RECORDS Start Marker

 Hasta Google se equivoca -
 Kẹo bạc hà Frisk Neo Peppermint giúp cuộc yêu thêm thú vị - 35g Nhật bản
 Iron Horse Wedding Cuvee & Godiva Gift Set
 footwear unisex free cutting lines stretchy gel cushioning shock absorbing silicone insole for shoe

RECORDS End Marker
RECORDS Start Marker

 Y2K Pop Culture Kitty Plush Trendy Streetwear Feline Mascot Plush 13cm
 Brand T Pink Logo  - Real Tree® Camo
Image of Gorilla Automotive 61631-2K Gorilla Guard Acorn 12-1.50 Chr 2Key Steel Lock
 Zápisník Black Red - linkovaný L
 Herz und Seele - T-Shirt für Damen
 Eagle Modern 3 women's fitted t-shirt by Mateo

RECORDS End Marker

* [ABOUT THIS EXERCISE]:
Every line above from the line with "Iron Horse Wedding Cuvee & Godiva Gift Set" to the line with "footwear unisex free", both included, must be reproduced exactly, and no other line may appear.

* [REPLY TO THE EXERCISE]:
 Iron Horse Wedding Cuvee & Godiva Gift Set
 footwear unisex free cutting lines stretchy gel cushioning shock absorbing silicone insole for shoe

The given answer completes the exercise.